With the passage of new legislation in Colorado, the industry may be on the road to fixing this situation in short order, should other states and the federal government follow the Centennial State's lead.
As noted by Supply Chain Dive, Colorado Gov. Jared Polis recently signed into law a piece of legislation that would allow men and women as young as 18 years of age the opportunity to drive big rigs - Class 8, specifically - across state lines. Currently, federal law prohibits anyone younger than 21 from doing so, but there's a chance that the federal government could do away with this ban, given that a bill called Developing Responsible Individuals for a Vibrant Economy - otherwise known as the DRIVE-Safe Act - was introduced in March 2018 by Representatives Duncan Hunter of California and Trey Hollingsworth of Indiana.
Supporters say the law change is mutually beneficial
Colorado State Senator Ray Scott, a staunch advocate for the change in policy, praised Polis for taking the initiative, telling Transport Topics that his signature will give individuals of working age more options, particularly those who want to enter an opportunity-filled workforce straight out of high school.
"A whole lot of people come out of high school these days and they don't have the funding to go to college [or] they don't want to go to college," Scott explained. "They want to start a trade and truck driving is kind of a cool trade."
Scott added that plenty of young people seek to become truckers, but often pursue other things because they can't afford waiting until they turn 21, the earliest age in which they can drive over state barriers in Class 8 vehicles. Amending this statute is a much-needed action that stands to benefit the industry as well as the nation's economy.
"Over 70% of freight shipped domestically is hauled by commercial vehicle operators."

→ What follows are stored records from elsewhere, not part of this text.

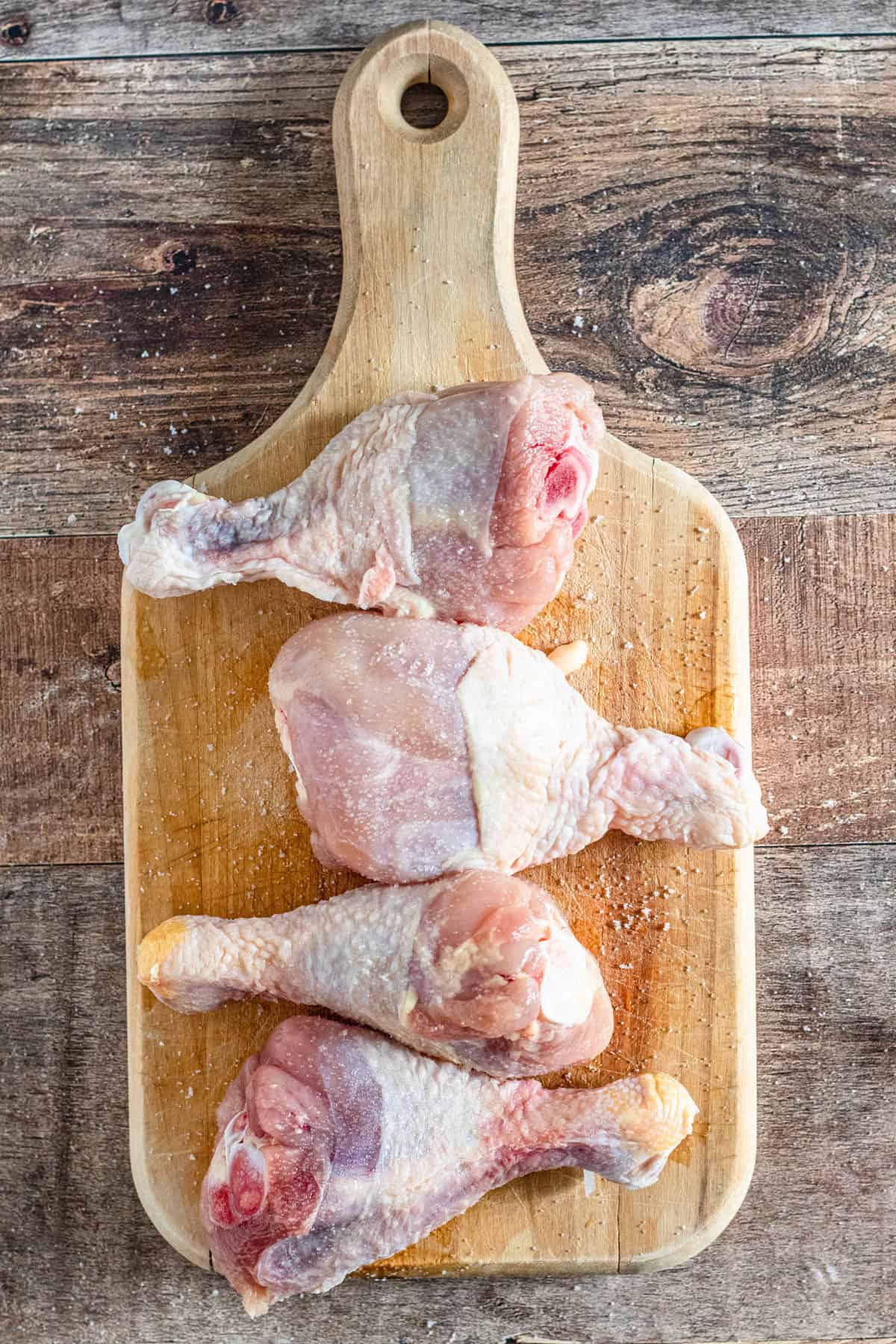 Salted raw chicken on a wooden cutting board to prepare Chicken paprikash recipe. 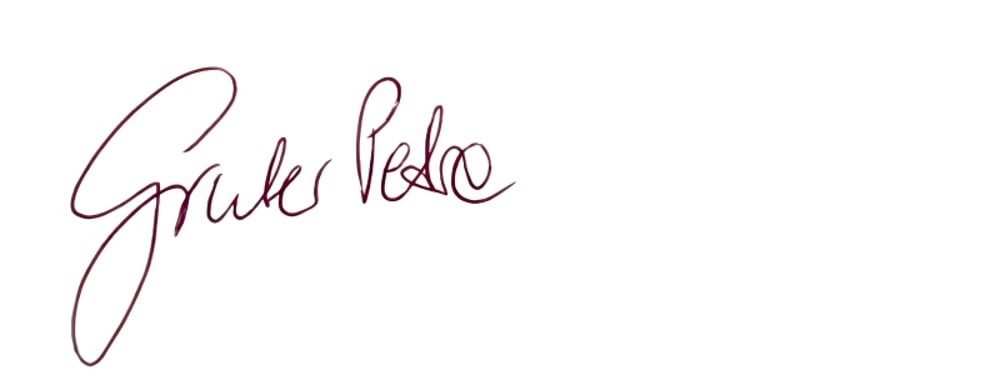 Unterschrift in dunkelroter Tinte mit den Worten "Grüße Pedro".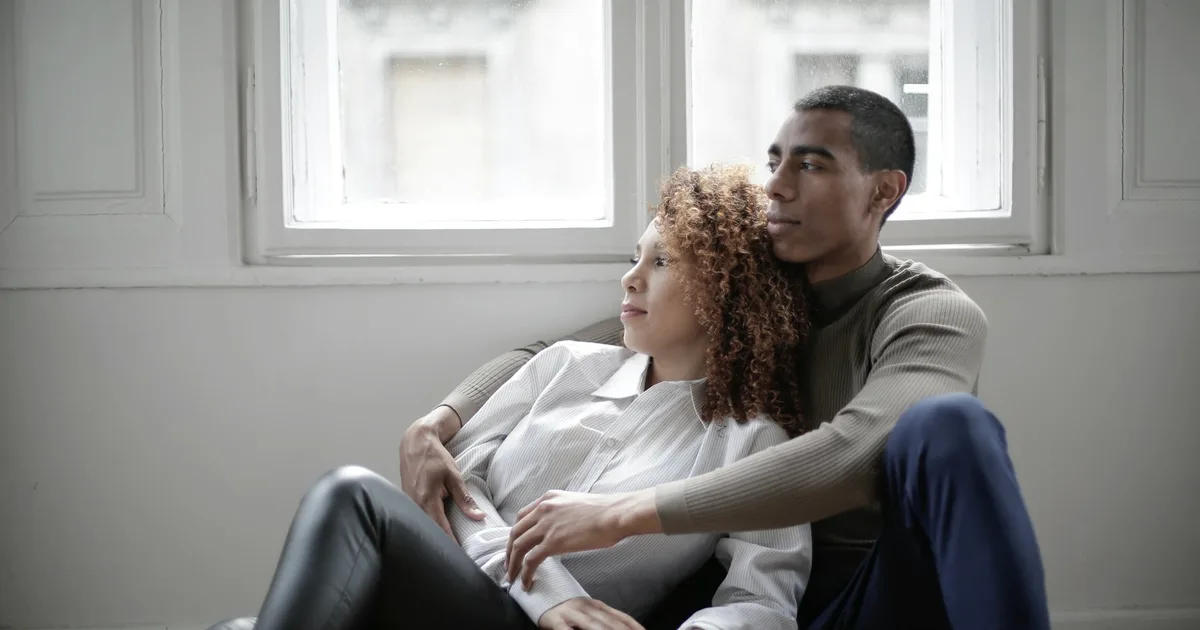 A couple embracing near a window, in a calm moment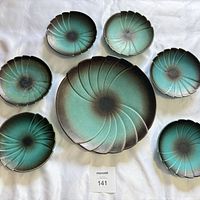 Top view of full 7-piece set displaying glaze and spiral pattern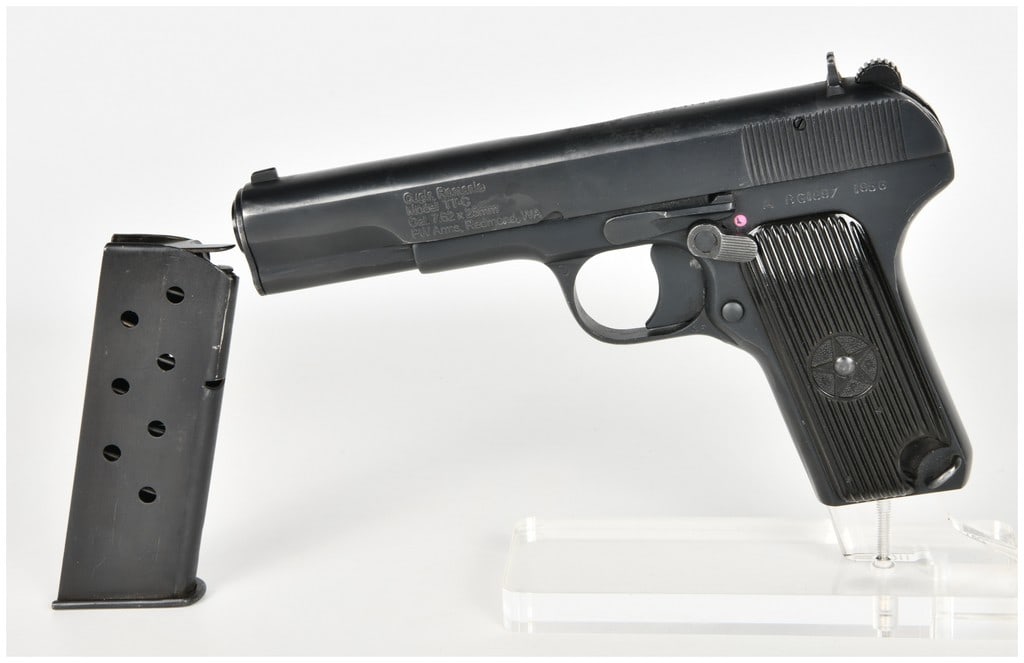 Cugir Model TTC Semi-Automatic Pistol 7.62x25mm with 4.6 Inch Barrel 1956: This lot features a Romanian TTC semi-automatic pistol, a robust derivative of the Soviet Tokarev TT-33, chambered in the high-velocity 7.62x25mm Tokarev cartridge. Designed for service use, it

Indeed, of all the transportation modes that get products in their various forms to their destinations, trucking tops them all. Over 70 percent of freight shipped domestically is hauled by commercial vehicle operators, with north of 10 billion tons carried in 2017, according to the American Trucking Associations.
Not surprisingly, the ATA praised Colorado legislators for taking the measures they did and are hopeful lawmakers on Capitol Hill will be so inclined as well.
"This is a common-sense proposal that will open enormous opportunities for the 18- to 21-year-old population, giving them access to a high-paying profession free of the debt burden that comes with a four-year degree," ATA President Chris Spear said last year, when the DRIVE-Safe Act was officially introduced. "Moreover, this bill would strengthen training programs beyond current requirements to ensure safety and that drivers are best prepared."
Shortage could top 174,000
The trucker shortage is a severe one, necessitating the recruitment of 90,000 drivers each year to fill the gaping hole, the ATA estimates. Should it continue to worsen, the shortfall could reach 174,000 by 2026.
In addition to offering more generous wages, businesses are also including various incentives in their bonus packages to persuade individuals toward perusing commercial trucking as a career path. Industry insiders believe that added vacation time and more comprehensive health insurance perks, among other inducements, could help optimize and revitalize the distribution supply chain. As a starting salary, truckers can make as much as $70,000 per year with some employers.